# WHAT IS REQUIRED:
Leaving the pictures aside, restate all of the data exactly.

======== DATA FOR PROCESSING ========

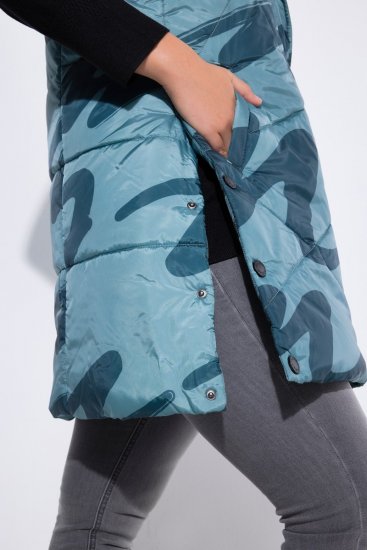 Ulla Popken 838435 Vestă lungă matlasată cu imprimeu Verde-gri - Veste - 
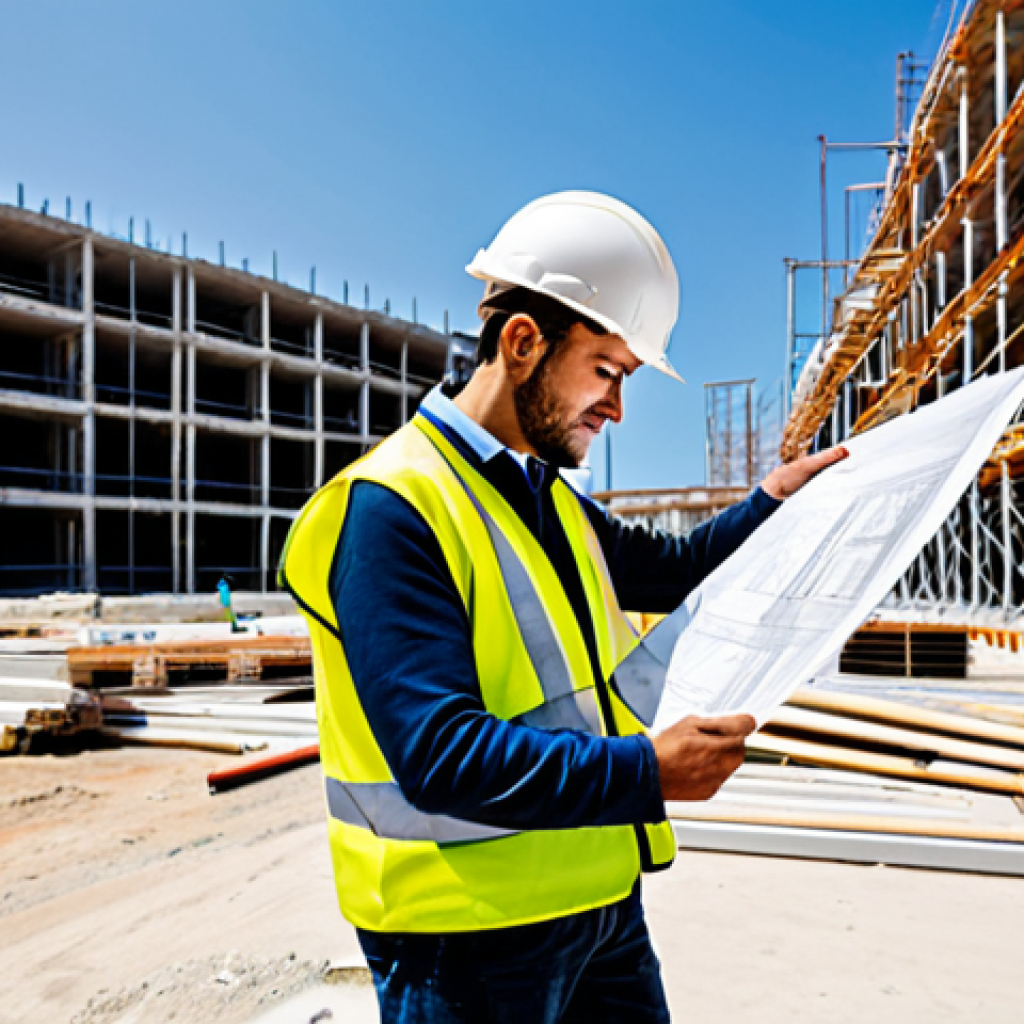 건축기술사와 건축학 석사 과정 비교 - Construction Site Management**

"A bustling construction site in Valencia, Spain, daytime. A fully c...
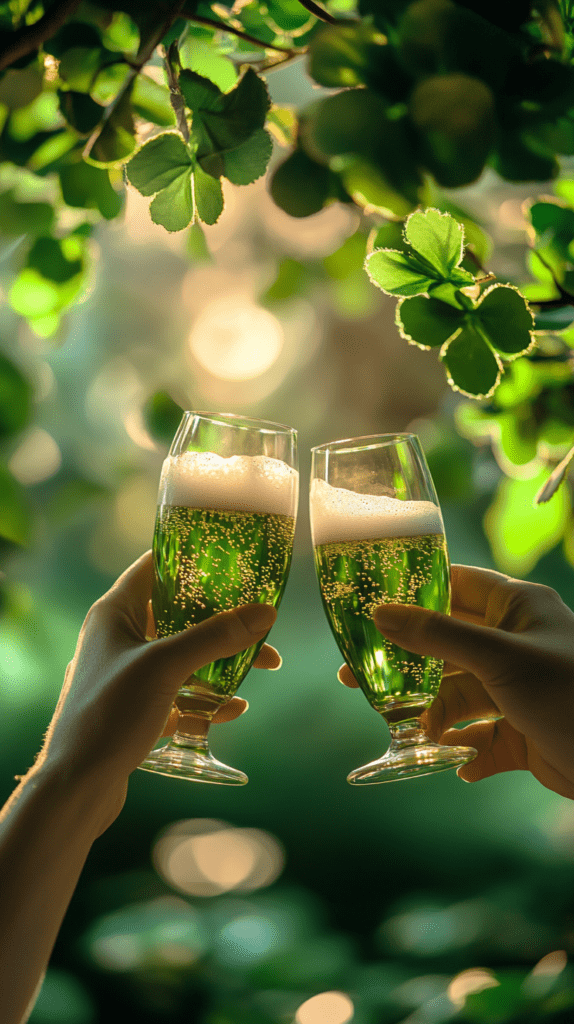 St Patrick's day hands holding glasses with cold beverage having a toast wallpaper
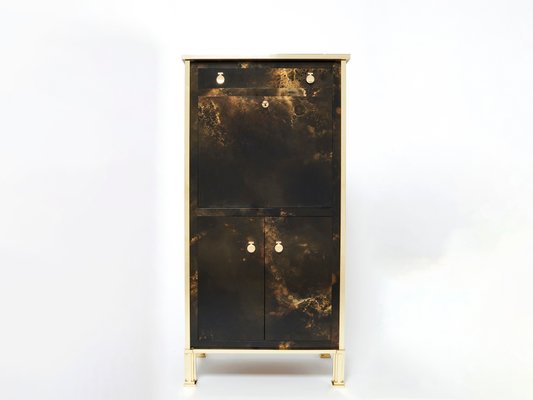 Golden Lacquer and Brass Secretary Cabinet by Maison Jansen, 1970s-YJA-1078937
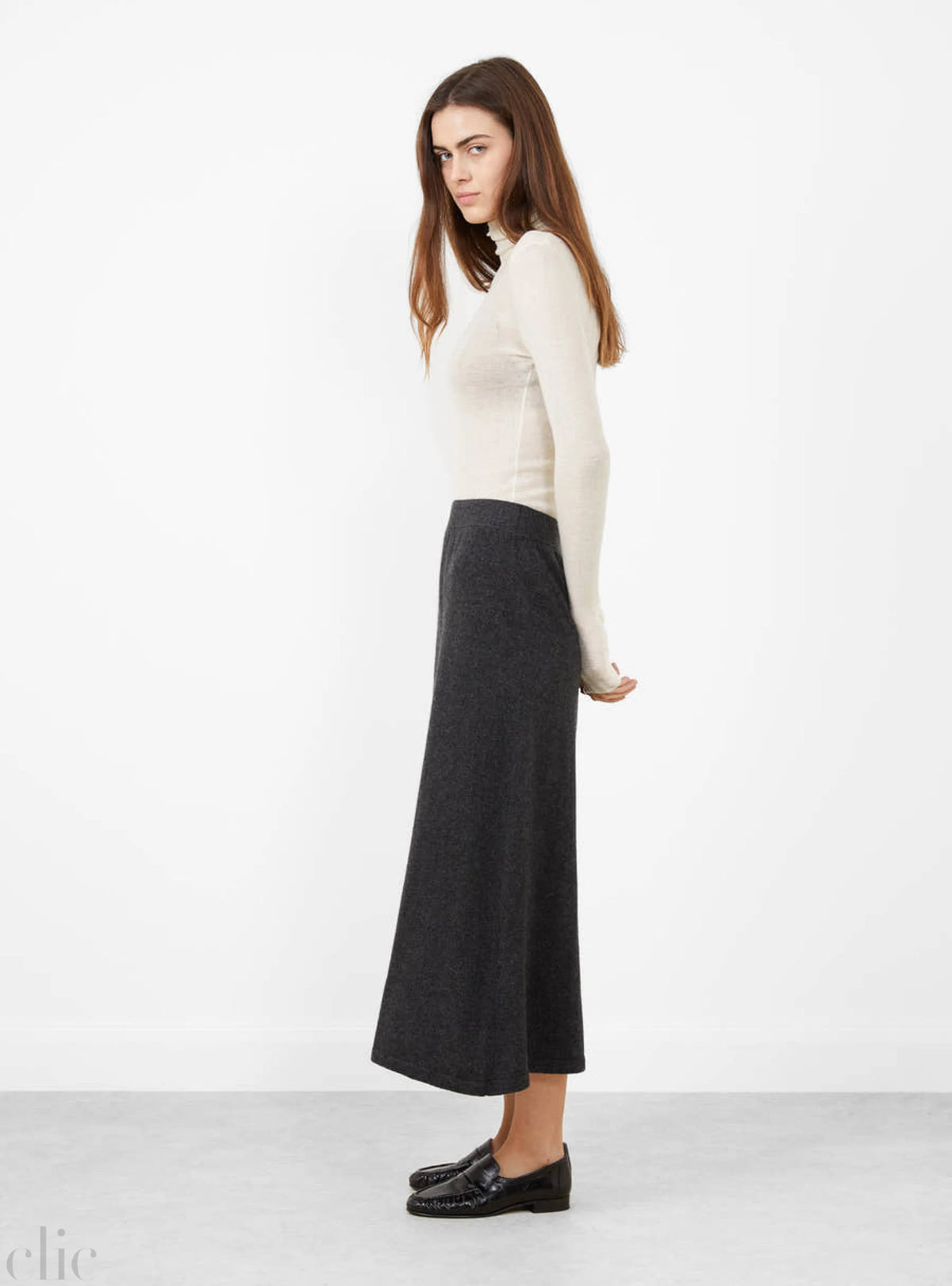 Cashmere Flat Stitch Semi Circle Knit Skirt in Melange Black, from Modern Weaving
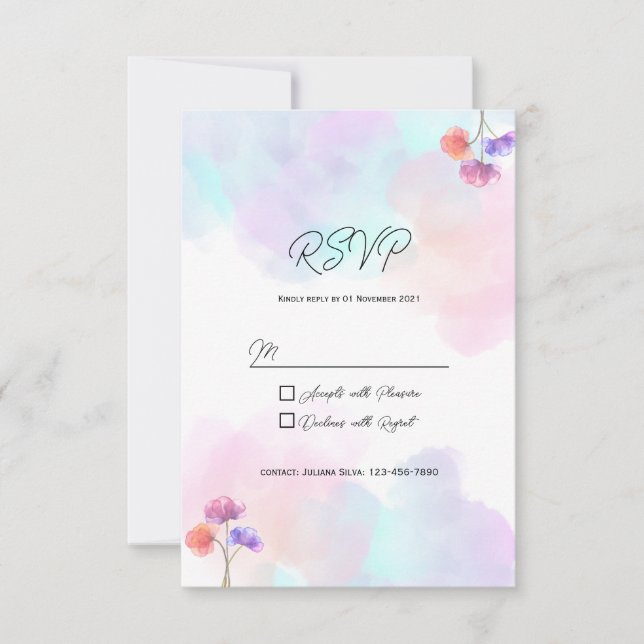 Pastell Rosa & Blå Bröllops RSVP-kort OSA Kort (Framsida)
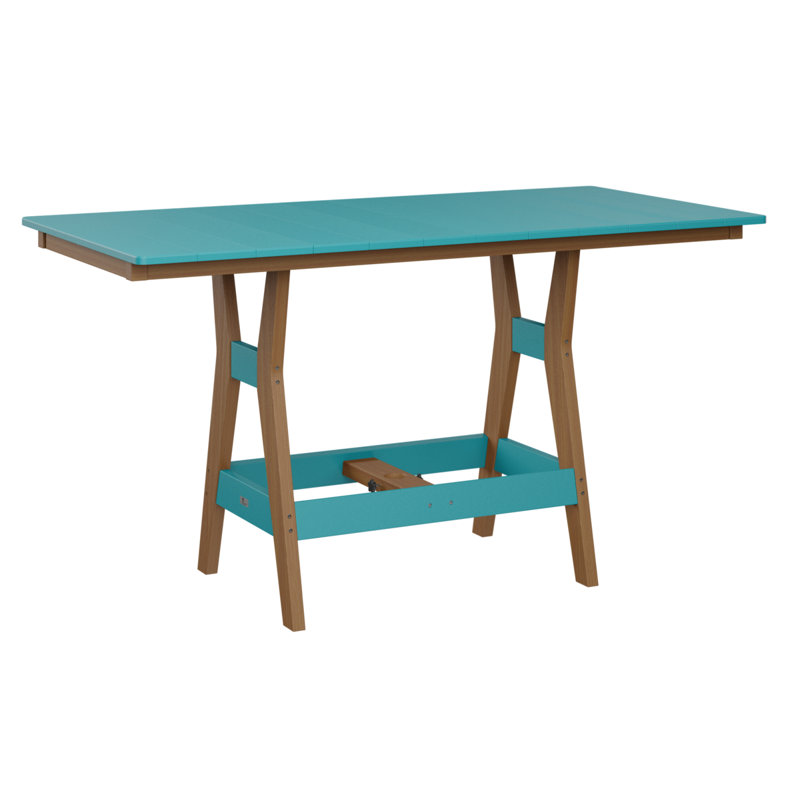 Harbor Outdoor Bar Table, Natural Teak, Aruba Blue, 38.87" H x 66" W x 33" D
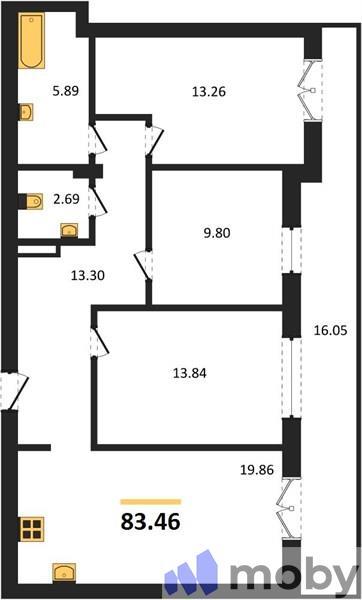 3-комнатная квартира, 84.1 м²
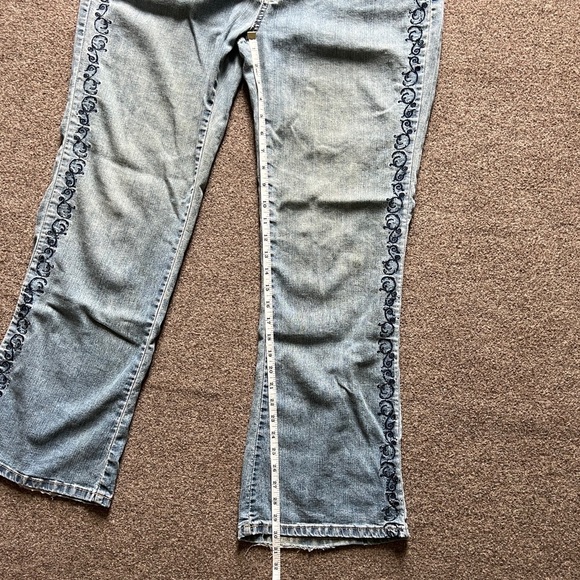 Vintage COS Jeans Blue Light Wash Flared Denim Rhinestone Embroidered Size 10 - Picture 14 of 16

========

# WRITTEN SOLUTION:
 Ulla Popken 838435 Vestă lungă matlasată cu imprimeu Verde-gri - Veste - 
 건축기술사와 건축학 석사 과정 비교 - Construction Site Management**

"A bustling construction site in Valencia, Spain, daytime. A fully c...
 St Patrick's day hands holding glasses with cold beverage having a toast wallpaper
 Golden Lacquer and Brass Secretary Cabinet by Maison Jansen, 1970s-YJA-1078937
 Cashmere Flat Stitch Semi Circle Knit Skirt in Melange Black, from Modern Weaving
 Pastell Rosa & Blå Bröllops RSVP-kort OSA Kort (Framsida)
 Harbor Outdoor Bar Table, Natural Teak, Aruba Blue, 38.87" H x 66" W x 33" D
 3-комнатная квартира, 84.1 м²
 Vintage COS Jeans Blue Light Wash Flared Denim Rhinestone Embroidered Size 10 - Picture 14 of 16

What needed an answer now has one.